Peter Solomon, director of The Hope Exchange, sees the agreement as “a positive development and a step in the right direction”.
Leaving the court, Gelderbloem simply says: “I’m very happy.”
A hopeful future
Later that evening, she is back at Greenmarket Square, scouring, as she does, for beads. But this time her mood is altogether more buoyant. Not only has she been granted a reprieve from constant harassment by City officials, but earlier that afternoon she was also offered a job.
“There is a woman who always walks her dog in the Company’s Garden. That dog became my friend and that woman always looked out for me. So she spoke to her manager at the company she works for and they are going to create a position for me. They said they are going to pay me enough. I will be able to rent a room of my own,” she says, repeating it, excitedly: “A room of my own.”

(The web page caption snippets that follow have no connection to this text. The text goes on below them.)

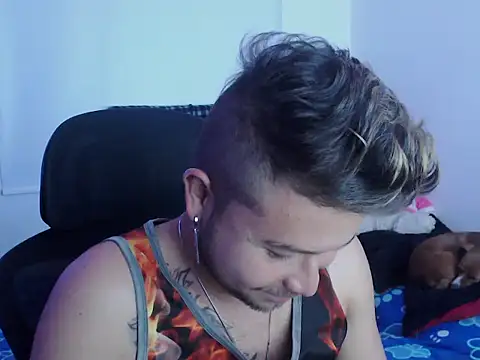 Snapshot of JOHANLEON1 chatting on 09.17.25 JOHANLEON1 online show from 09.17.25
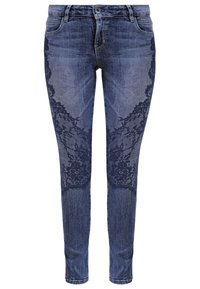 Jean skinny bleu foncé avec des détails en dentelle florale imprimée sur le devant des cuisses et des genoux, doté de poches avant et d'une fermeture à bouton.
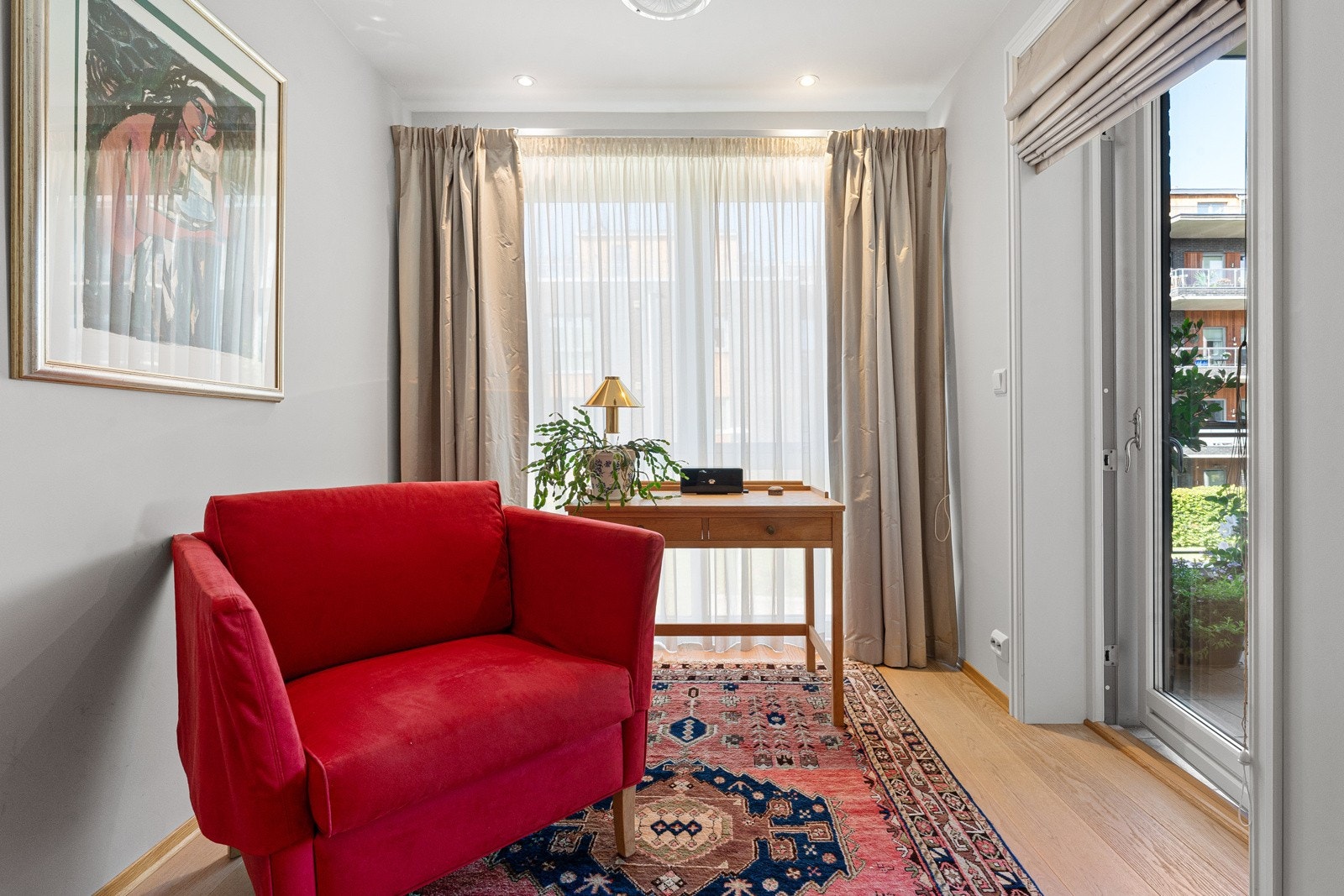 Hovedsoverommet og det minste soverommet har utgang til en overbygd balkong vendt mot grønne og frodige fellesarealer. Galleribilde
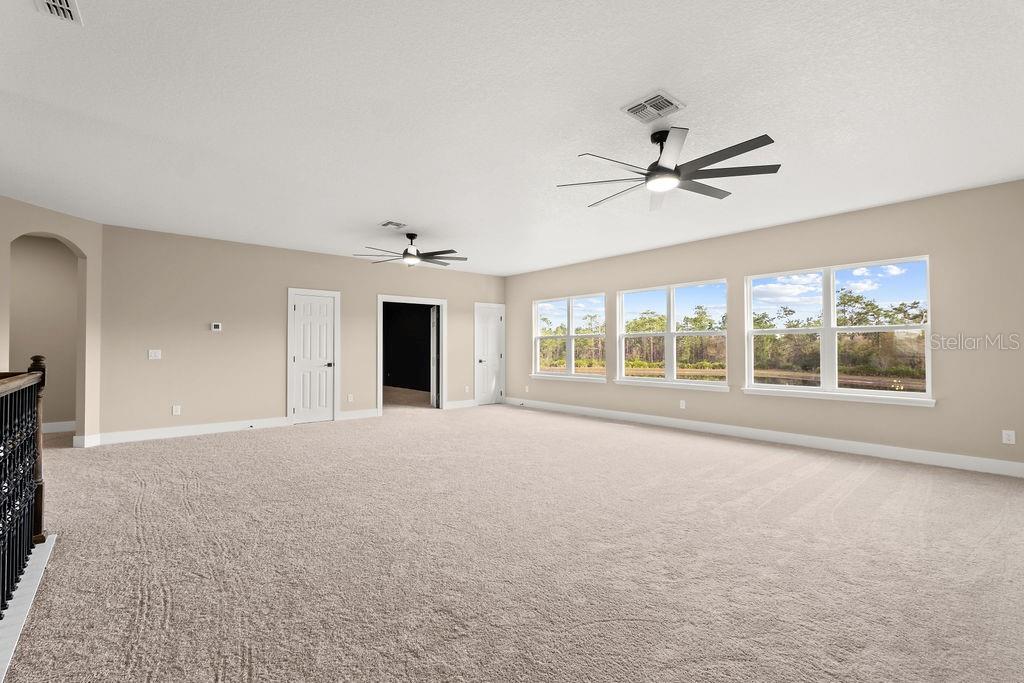 WOODLAND PARK - Residential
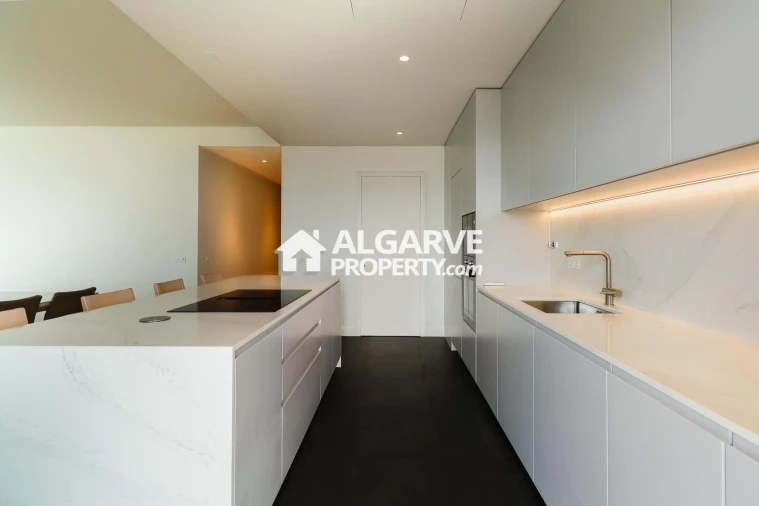 Apartamento T4 para Venda em Quarteira Foto 14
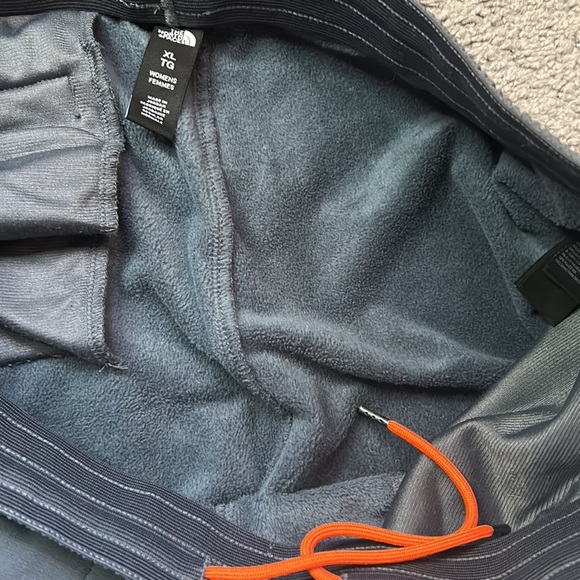 The North Face Fleece Lined Pants - Picture 4 of 7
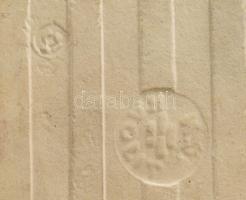 Misch Ádám (1935-1995): Női akt, 1964. Mázas kerámia, jelezve jobbra középen fent (Misch 64), 10x10 ...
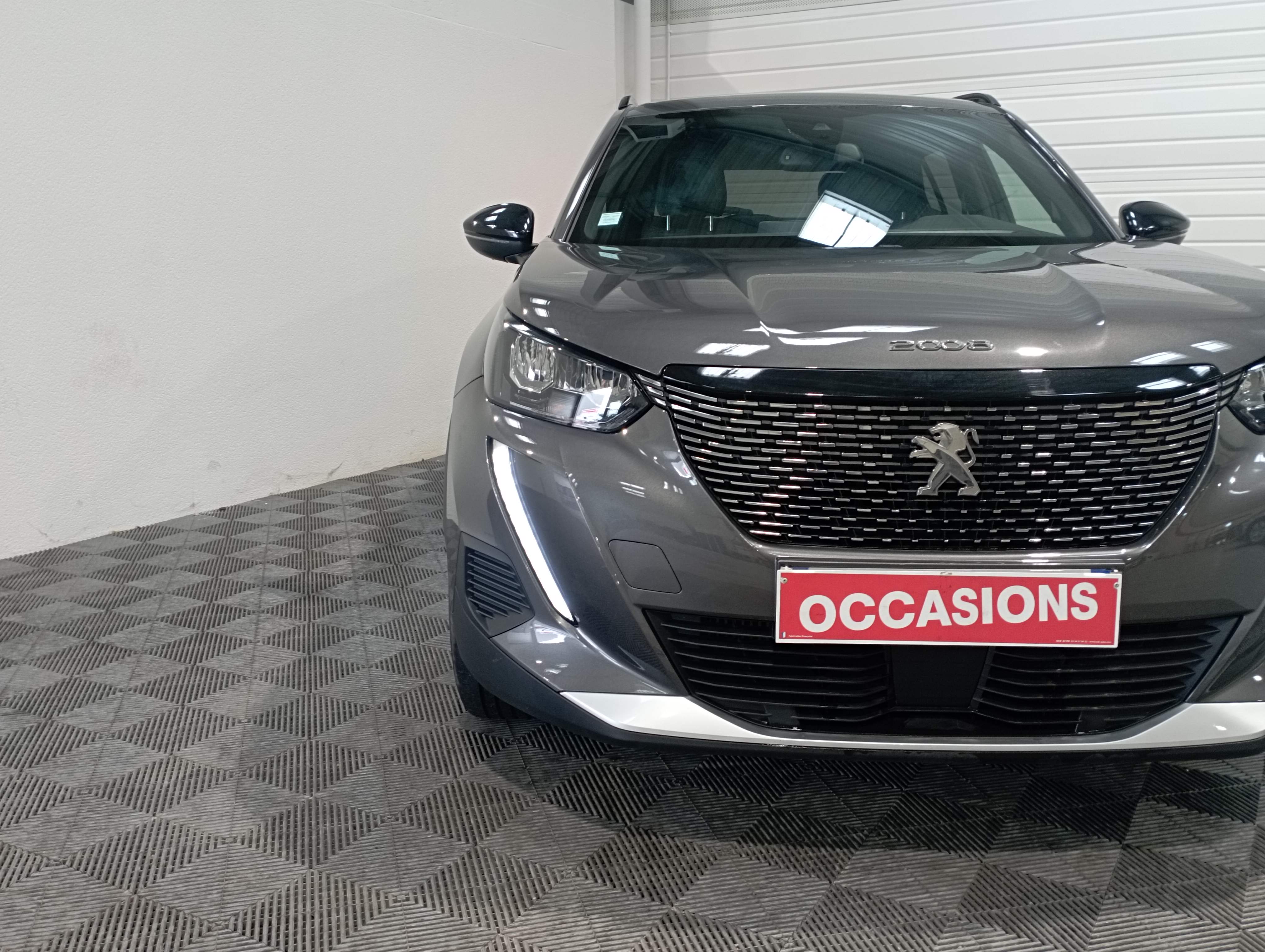 PEUGEOT 2008 PureTech 130 S&S BVM6 Allure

“I’m telling you this today,” she adds. “I’m not going to become an old person on the street. Somehow or the other I’m going to work something out. I want a life, still. I’m going to get this job and go on with my jewellery and see how far it brings me. I’m not going to accept things like this and just fade away.”
It’s been a months-long journey for Gelderbloem in her attempt “to be treated like a human”. And it might be many more months until her case is concluded to her satisfaction, if at all. But for now, she has the prospect of a job – “I have to meet them next Tuesday, again” – a roof over her head and, of course, the beads.